◆ Data records ◆
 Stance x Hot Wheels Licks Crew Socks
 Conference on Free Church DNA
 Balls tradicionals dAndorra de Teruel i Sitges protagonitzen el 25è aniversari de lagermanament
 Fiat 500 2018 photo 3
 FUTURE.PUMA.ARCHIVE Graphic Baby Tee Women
==
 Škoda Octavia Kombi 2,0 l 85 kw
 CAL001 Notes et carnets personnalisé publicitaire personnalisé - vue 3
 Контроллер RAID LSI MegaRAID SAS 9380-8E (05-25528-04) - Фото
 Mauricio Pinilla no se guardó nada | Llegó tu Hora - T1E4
--
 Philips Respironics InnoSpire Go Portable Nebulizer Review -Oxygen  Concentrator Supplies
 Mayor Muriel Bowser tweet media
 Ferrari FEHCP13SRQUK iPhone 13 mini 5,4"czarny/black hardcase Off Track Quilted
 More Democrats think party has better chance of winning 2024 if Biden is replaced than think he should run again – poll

◆ Work task ◆
Look through the data above and return exactly the lines from the one that contains "Conference on Free Church DNA" to the one that contains "FUTURE.PUMA.ARCHIVE Graphic Baby Tee Women", inclusive, with nothing else.

◆ Answer space ◆
 Conference on Free Church DNA
 Balls tradicionals dAndorra de Teruel i Sitges protagonitzen el 25è aniversari de lagermanament
 Fiat 500 2018 photo 3
 FUTURE.PUMA.ARCHIVE Graphic Baby Tee Women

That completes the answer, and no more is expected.